Foucault se debruçou sobre o aparecimento e funcionamento destas instituições e, dentre suas conclusões, percebeu que todas funcionavam através do modelo panóptico, figura arquitetural idealizada por Jeremy Bentham:

Em 1793 Bentham concebeu seu projeto de Panopticon, que se tornaria a matriz arquitetônica das prisões europeias”

– Foucault, Sociedade Punitiva

Podemos começar com uma pergunta: como vigiar mais e melhor? Ora, na escuridão da masmorra não podemos ver nada, o recluso se esconde. É necessário luz. Quanto mais luz, melhor! O Iluminismo é também aquele que torna visível o estranho, o desprezível, o anormal, o excluído.

O princípio é conhecido: na periferia uma construção em anel; no centro, uma torre; esta é vazada de largas janelas que se abrem sobre a face interna do anel; a construção periférica é dividida em celas, cada uma atravessando toda a espessura da construção; elas têm duas janelas, uma para o interior, correspondendo às janelas da torre; outra, que dá para o exterior, permite que a luz atravesse a cela de lado a lado”

– Foucault, Vigiar e Punir

A arquitetura é pensada para que a luz passe. Tudo deve ser iluminado, tudo deve poder ser visto! Na sociedade da transparência, nada deve ficar de fora. O panóptico é como um zoológico, aqueles que estão à disposição devem estar numa posição de poder ser observados a qualquer momento.

Basta então colocar um vigia na torre central, e em cada cela trancar um louco, um doente, um condenado, um operário ou um escolar. Pelo efeito da contraluz, pode-se perceber da torre, recortando-se exatamente sobre a claridade, as pequenas silhuetas cativas nas celas da periferia. Tantas jaulas, tantos pequenos teatros, em que cada ator está sozinho, perfeitamente individualizado e constantemente visível”

– Foucault, Vigiar e Punir

O indivíduo precisa saber que está sendo observado o tempo todo! E mais, precisa saber que está sozinho nesta observação. Tudo será anotado em sua ficha, em seu cadastro, em seu prontuário. A sensação de que está sendo visto precisa prevalecer, mesmo que não esteja efetivamente sob o olhar do vigia.

O dispositivo panóptico organiza unidades espaciais que permitem ver sem parar e reconhecer imediatamente”

– Foucault, Vigiar e Punir

A dissimetria (genial, não podemos negar) é a quebra do par ver/ser-visto. O sujeito vive sob os holofotes e, ao mesmo tempo, na mais completa ignorância, não sabe se está sendo observado ou não, se tem alguém na torre ou não, se estão anotando ou não, se está sob severa investigação ou se foi esquecido lá.

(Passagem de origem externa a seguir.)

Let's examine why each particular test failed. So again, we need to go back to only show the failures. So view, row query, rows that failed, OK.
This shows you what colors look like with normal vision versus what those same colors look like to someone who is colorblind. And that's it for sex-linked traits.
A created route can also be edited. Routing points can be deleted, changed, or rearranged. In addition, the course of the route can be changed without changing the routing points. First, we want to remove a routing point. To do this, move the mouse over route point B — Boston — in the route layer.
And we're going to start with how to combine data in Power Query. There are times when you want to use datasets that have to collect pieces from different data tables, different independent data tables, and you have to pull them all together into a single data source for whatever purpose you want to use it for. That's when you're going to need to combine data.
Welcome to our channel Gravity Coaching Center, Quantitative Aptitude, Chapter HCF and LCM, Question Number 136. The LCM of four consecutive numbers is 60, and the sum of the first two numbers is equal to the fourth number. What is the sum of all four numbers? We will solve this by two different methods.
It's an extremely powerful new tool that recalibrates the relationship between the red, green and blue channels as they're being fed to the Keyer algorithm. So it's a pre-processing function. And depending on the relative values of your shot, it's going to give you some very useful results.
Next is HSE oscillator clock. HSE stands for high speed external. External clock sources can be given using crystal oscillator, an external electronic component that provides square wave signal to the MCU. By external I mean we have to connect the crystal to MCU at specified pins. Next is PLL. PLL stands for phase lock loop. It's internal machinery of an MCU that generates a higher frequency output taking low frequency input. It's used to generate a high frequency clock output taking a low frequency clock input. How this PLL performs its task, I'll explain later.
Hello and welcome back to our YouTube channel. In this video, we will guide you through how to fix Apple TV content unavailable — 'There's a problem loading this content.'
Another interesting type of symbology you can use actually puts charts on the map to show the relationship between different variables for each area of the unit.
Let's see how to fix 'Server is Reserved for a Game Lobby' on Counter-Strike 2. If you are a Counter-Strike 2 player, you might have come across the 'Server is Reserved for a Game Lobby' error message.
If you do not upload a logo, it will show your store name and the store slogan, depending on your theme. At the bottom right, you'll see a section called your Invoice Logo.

Em suma, o princípio da masmorra é invertido; ou antes, de suas três funções — trancar, privar de luz e esconder — só se conserva a primeira e suprimem-se as outras duas. A plena luz e o olhar de um vigia captam melhor que a sombra, que finalmente protegia. A visibilidade é uma armadilha”

– Foucault, Vigiar e Punir

A visibilidade se torna uma arapuca, uma estratégia do poder. Ela é colocada no lugar da privação e do esconder. Assim se observa, se aprende, se controla e mais facilmente se pune. Por sua enorme competência e eficácia, o Panóptico se torna rapidamente o modelo arquitetural da sociedade. Todas as instituições começam lentamente a se parecer com ele.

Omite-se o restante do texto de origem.